It is a story of friends and relationships changing over time, explored via Jewish youngbloods rising to varied ranks of infamy in New York’s excessively hierarchical structure of organised crime.

What sets this masterwork apart from other crime cinema is the extreme detailing: gangster shootouts are recreated from press photographs, characters are direct parallels of real-life mobsters, and period visuals are based on artists like Norman Rockwell while the protagonist Noodles, played by Robert De Niro, was influenced by F Scott Fitzgerald novel The Great Gatsby.

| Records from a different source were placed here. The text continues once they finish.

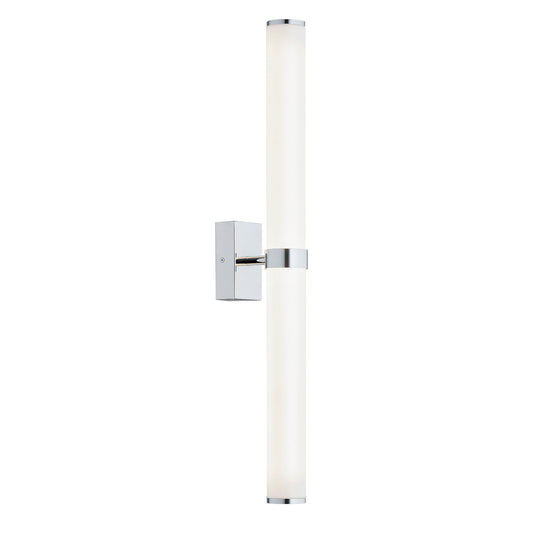 Batumi wandlamp Opaalglas-chroom
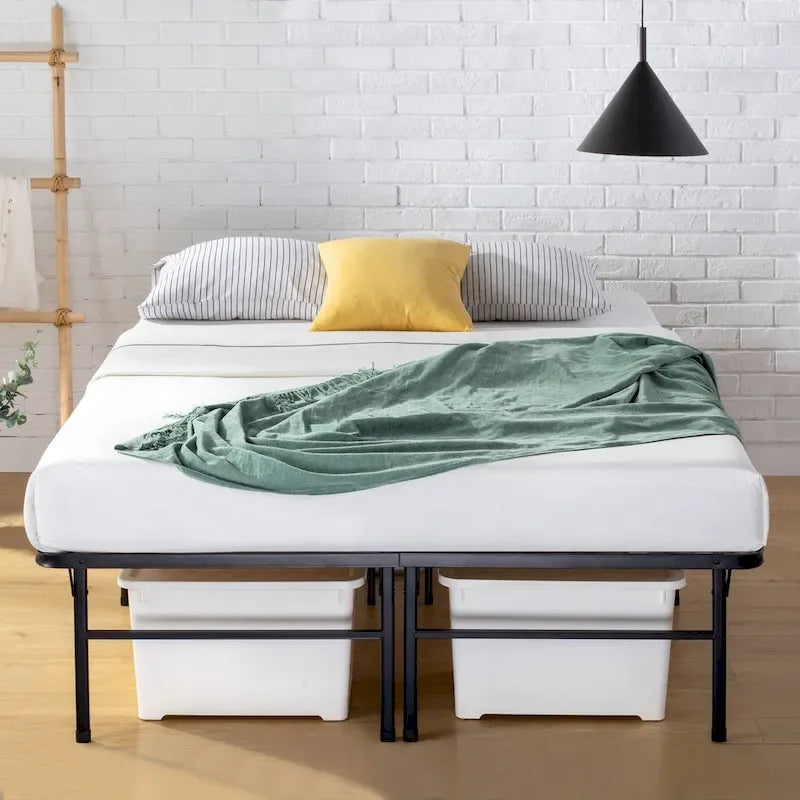 Heavy Duty Steel Mattress Foundation with Under-Bed Storage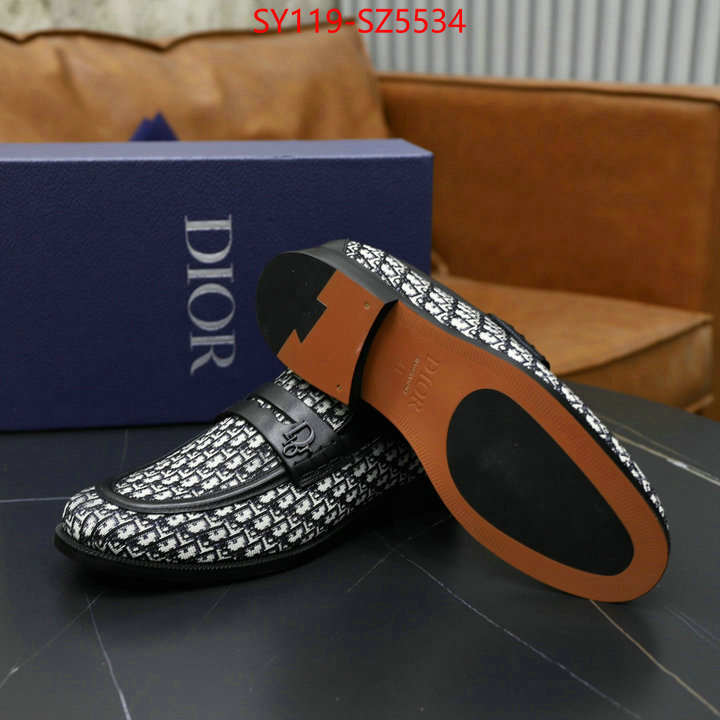 Men shoes-Dior wholesale replica shop ID: SZ5534 $: 119USD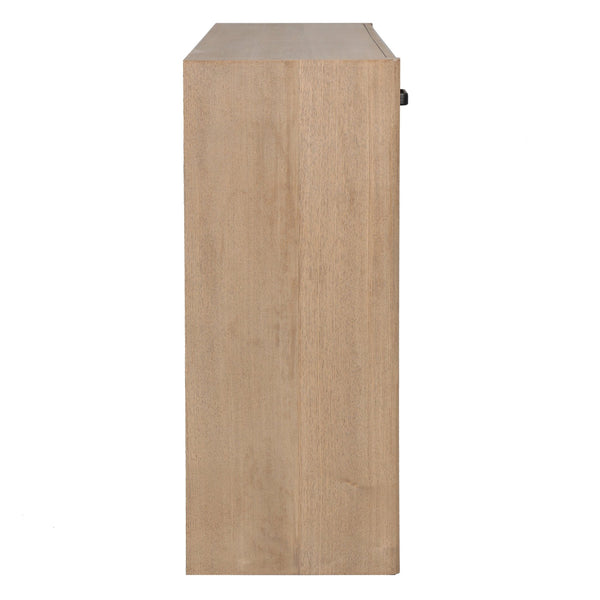 Safavieh Wynnrosa 2 Drawer Wood Console Table - Elegant Design With Dual Storage Drawers For Home Decor Natural 1% Metal,34% Cork Veneer,36% Wood,29% Manufactured Wood Sfv3007a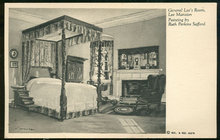 Postcard Lee Bedroom Lee Mansion Ruth Perkins Safford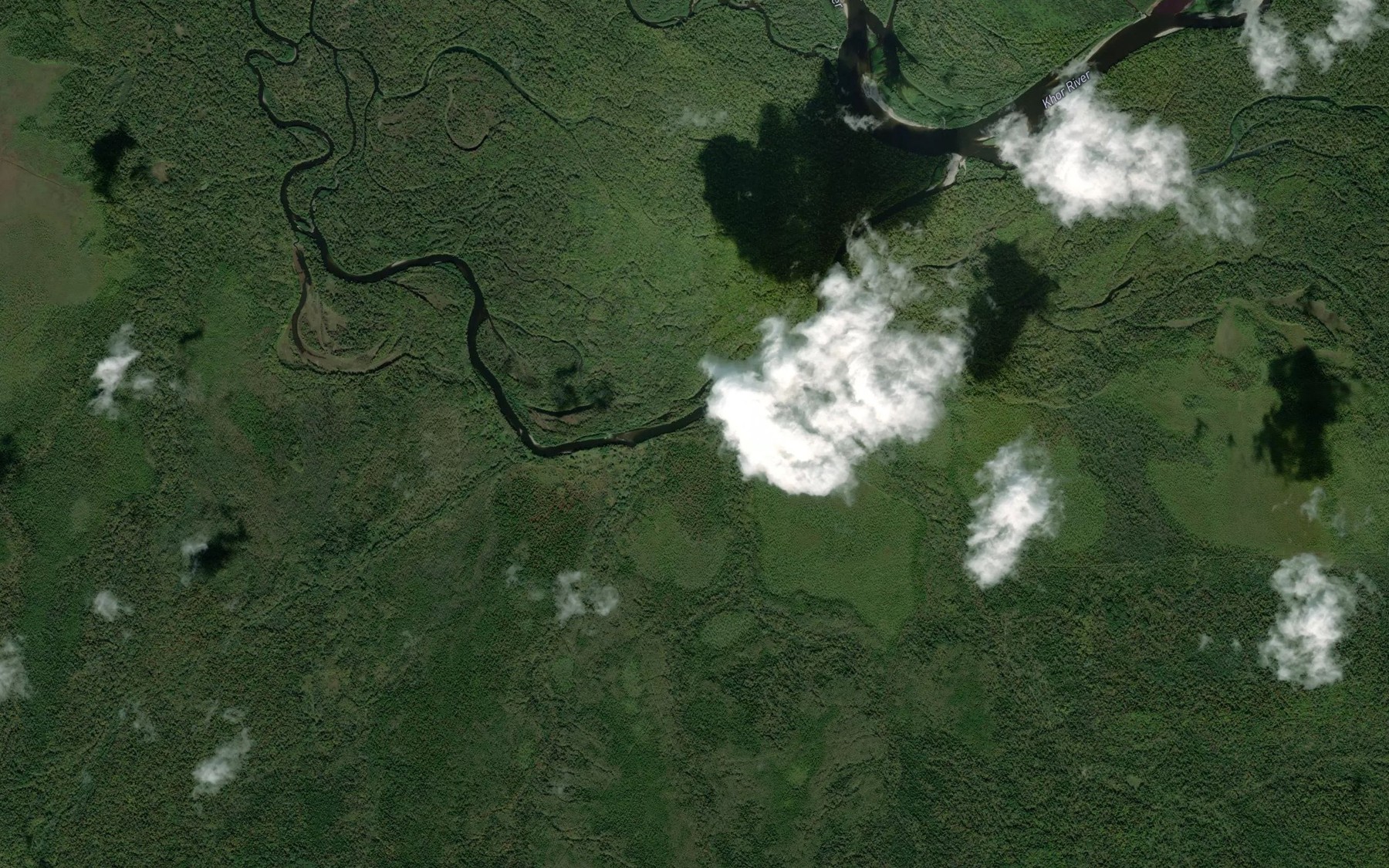 Satellite map of the Chernyy Vtoroy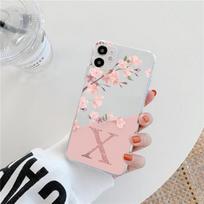 „Samsung Galaxy S21 S20 S23 S10 S9 Plus Lite Ultra S22 Fe S10e“ pritaikytas gražus vyšnių žiedų žiedų pradinis abėcėlės dėklas S20 Lite beige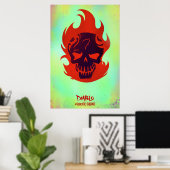 Suicide Squad Diablo Head Icon Poster (Heimbüro)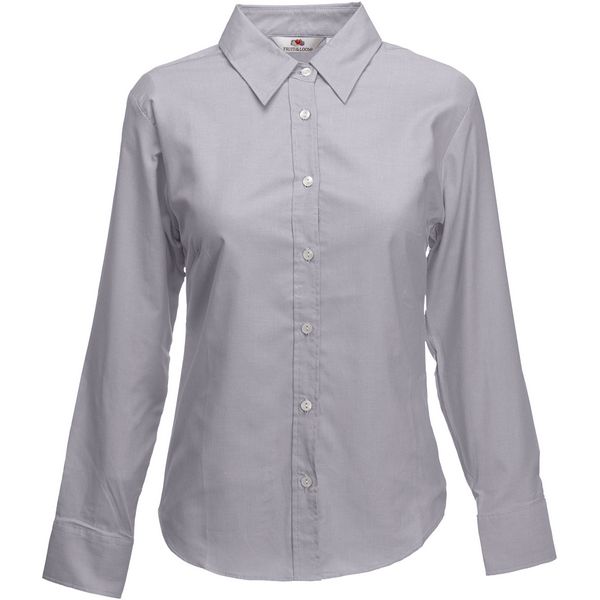 Košulja dugi rukav  F.O.L.  Lady-Fit Oxford Shirt LSL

It is a film impossible to not be awed by, and the running time of 229 minutes only justifies its epic tag. De Niro is surrounded by a brilliant cast, with Joe Pesci, James Woods and William Forsythe handing in performances of a lifetime.

Oh, and there’s a very young Jennifer Connelly as well. In this wonderfully tender scene, she reads to the adolescent Noodles: poetry that gushes about him only to be frequently interrupted by biting scorn. Click here for video.

Amadeus

Release Date: 19 September 1984

Director: Milos Forman

The narrative is almost like a particularly pulpy piece of fiction. A man in a sanitarium confesses about his misdeeds, and it is a story of wild mayhem and jealousy, the story of how this man was blinded by self-righteousness and rage against a more naturally gifted contemporary. But blinded enough to kill him, as he claims?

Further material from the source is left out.